• [What needs to be done] Return all of the data exactly as written, without the pictures.

• [Data block]
↓↓↓
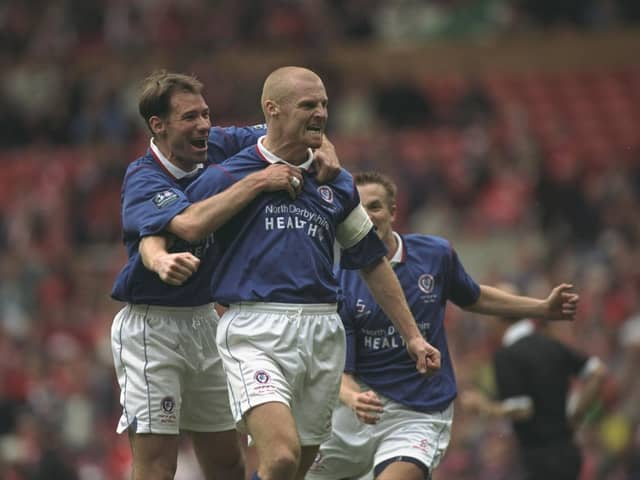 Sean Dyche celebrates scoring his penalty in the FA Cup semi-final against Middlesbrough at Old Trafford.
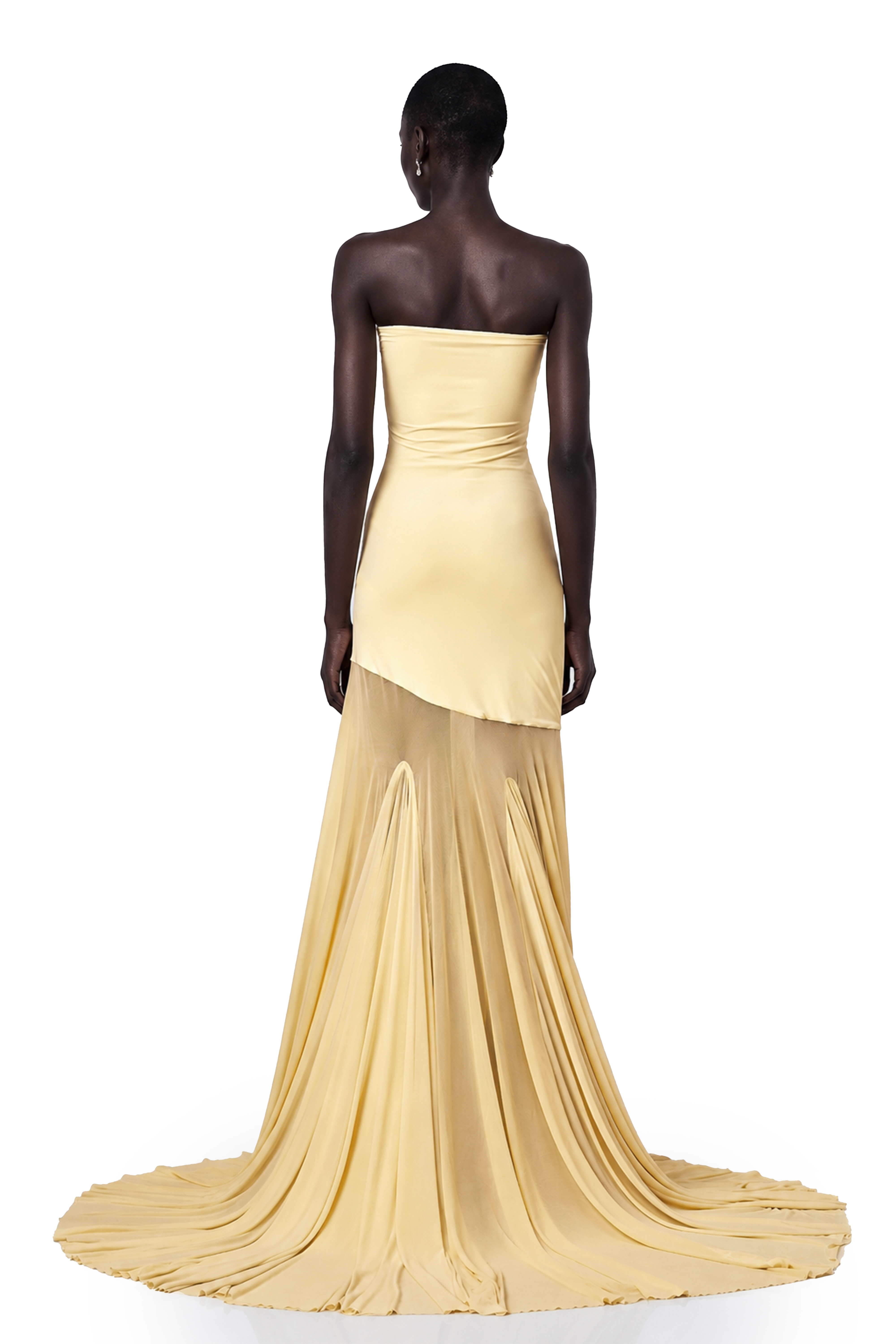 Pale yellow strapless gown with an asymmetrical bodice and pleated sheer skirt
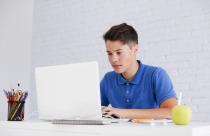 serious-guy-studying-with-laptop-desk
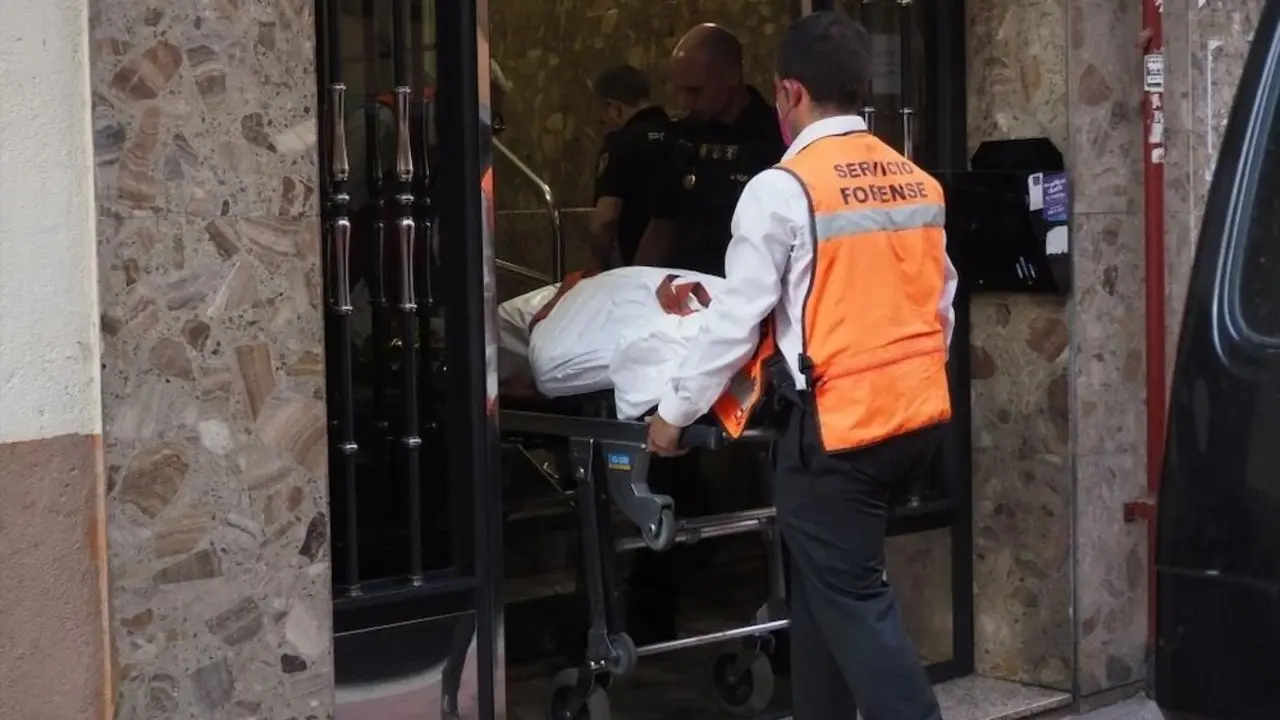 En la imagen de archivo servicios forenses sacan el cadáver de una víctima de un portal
↑↑↑
• [Your solution]
 Sean Dyche celebrates scoring his penalty in the FA Cup semi-final against Middlesbrough at Old Trafford.
 Pale yellow strapless gown with an asymmetrical bodice and pleated sheer skirt
 serious-guy-studying-with-laptop-desk
 En la imagen de archivo servicios forenses sacan el cadáver de una víctima de un portal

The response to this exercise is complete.